1. Field of the Invention
The present invention relates to an ultrasonic motor capable of driving a driven object with a multi-degree of freedom.
2. Description of the Related Art
An ultrasonic motor is known which applies a voltage to an ultrasonic vibrator to thereby friction drive a driven object kept in contact with the vibrator. In this case, if the driven object is made spherical to extract output therefrom, the ultrasonic motor can be used as a driving source of a multi-degree of freedom. Therefore, various applications of the ultrasonic motor, such as incorporation of the motor in a robot arm or a multi-joint arm, are expected.
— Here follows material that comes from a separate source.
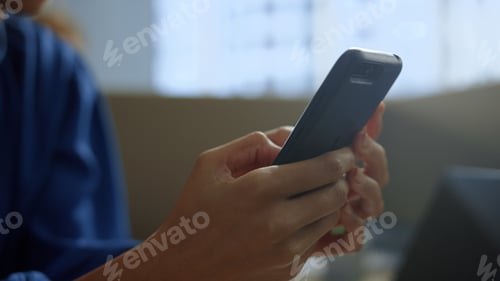 Preview: African American Businesswoman Texting Message On Smartphone At Office Workplace. Closeup Focused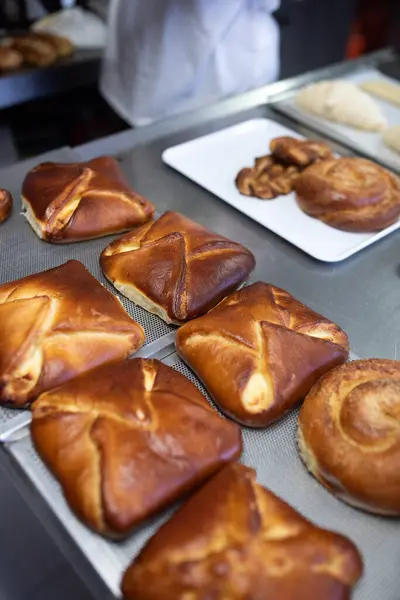 Chef baker makes squirrels in a pastry shop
As the ultrasonic motor capable of driving a driven object with a multi-degree of freedom, Jpn. Pat. Appln. KOKAI Publication No. 2005-143176, for example, has proposed a rotary driving device equipped with a driven object, rotary member support means, alternation power supply means, a vibrator, vibrator support means, rotation friction reduction means and pressing force adjusting means. The driven object has a substantially spherical surface. The rotary member support means supports the driven object so that the object can rotate about at least two axes. The alternation power supply means supplies electric energy to the vibrator. The vibrator converts, into mechanical energy, the electric energy supplied from the alternation power supply means, thereby generating a three-dimensional vibration. The vibrator support means supports the vibrator so that the vibrator will contact the substantially spherical surface of the driven object at a preset angle. The rotation friction reduction means reduces the friction that occurs when the driven object is rotated. The pressing force adjusting means adjusts, to a preset value, a pressing force with which the driven object and the vibrator contact each other.
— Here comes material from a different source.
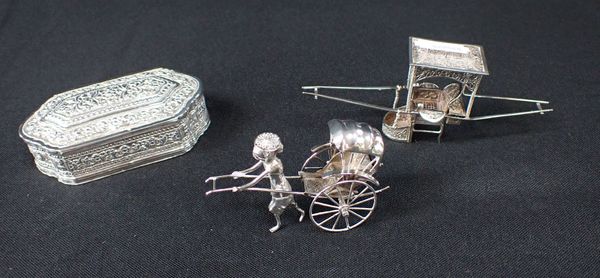 A CHINESE WHITE METAL MODEL OF A RICKSHAW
In the rotary driving device disclosed in the above publication, the central portion of the upper surface (i.e., the output surface) of the vibrator is in point contact with the spherical surface of the driven object from the relationship between the output surface of the vibrator and the spherical surface of the object. Using the elliptic motion of the vibrator as a driving source, the driven object is friction driven about the contact point.
The vibrator will abrade at the contact point at which the vibrator and the spherical surface of the driven object directly contact each other. Further, the contact point will shift in accordance with the abrasion. Thus, the operation of the driving device is unstable.
To suppress the abrasion of the vibrator, the above publication has proposed to provide a sliding member on the upper portion of the vibrator. However, since the sliding member also abrades in accordance with the rotation of the vibrator, it does not fundamentally solve the abrasion problem.